In late April of my senior spring, I reported on Northwestern’s campus for the first time in a year and a half. As the pro-Palestinian encampment launched and the University gained national attention, media swarmed Deering Meadow.
I was in the odd role of being part of the outside media as a freelancer for the Chicago Sun-Times, yet still a part of the NU community. I felt a strange sense of disconnect at the same time, watching as The Daily’s staff maintained 24 hour coverage, while my job did not require the same level of nonstop reporting.
From my unique position, I could see and appreciate the vitality of student media’s work, while covering the same exact circumstances myself for a broader audience. I haven’t written for The Daily since fall of my junior year, and that distance has given me some perspective.
Being a student journalist can feel like trivial and small work. When you’re covering a campus event with fewer than 10 attendees and you know the only people guaranteed to read the article are your parents, it can start to feel pointless. When you’re navigating complex situations with no guidance, you can feel isolated and in over your head. And when you’re dedicating 40+ hours a week to that job without significant compensation or credit, it gets easy to lose sight of why it matters.
On those late nights working until the early hours of the morning, there are certain things that keep you going. It’s not money, or a line on your resume or masochism. It’s the friends you make, the only ones who will fully relate to your experiences — and who (I promise) won’t go away when your time at The Daily ends. It’s the pressure of the deadline to get the paper to press. It’s the responsibility of making sure the whole Evanston and Northwestern community will be reflected in the pages.

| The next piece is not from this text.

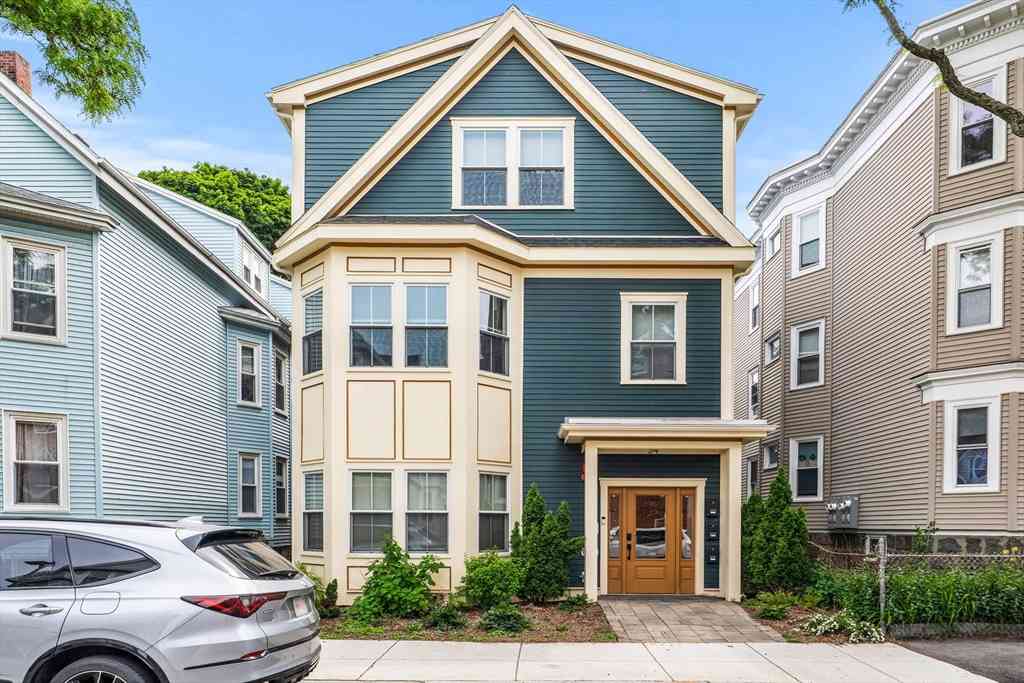 Condo For Sale - 34 Dorset St #1A<br/> Boston, MA 02125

And it’s the knowledge that if you aren’t there for the little events, for the day to day stories with small audiences, you won’t be ready when the University starts making national headlines and outside media descends. We all know that local news is a crucial part of the media ecosystem, and so is student journalism. It’s not only the training ground for future professionals, it offers crucial coverage of our generation. Journalism is at its best when reporters know and care about their communities, and that is where student journalism excels.

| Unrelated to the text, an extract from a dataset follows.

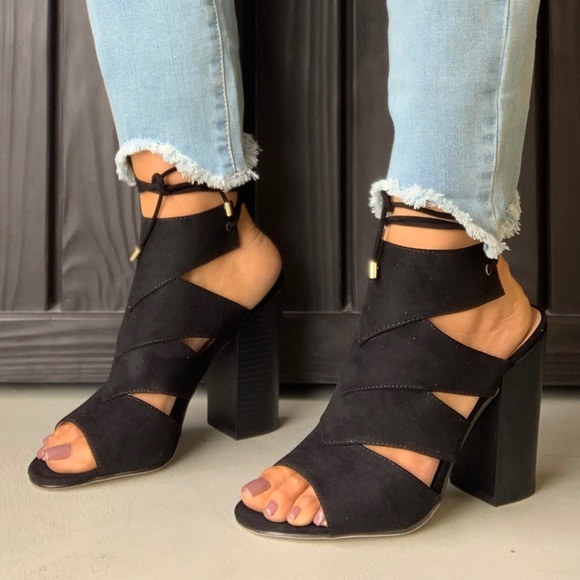 NIB Black Dramatic Cut Outs Block Heel Sandal - Picture 4 of 5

When journalism starts to feel like a slog and the fear of burn out creeps in, I think of my sources and I think of my audience. If I can make my sources feel heard, even if only by me, or reach one reader that needs to see my story, then I’ve done my job.
When I look back on my time at The Daily, yes I remember every crisis that felt like the end of the world. But I also remember how we always got back up and kept going, how we celebrated the big moments, and how we finished every quarter by staying up all night to watch the sunrise together on the Lakefill.
So to all current and future Daily staffers, here’s my advice: trust yourself but be prepared to grow, hold your friendships close but make sure to live a life outside of the Holly and John Madigan Newsroom, and always remember the responsibility and power of your words.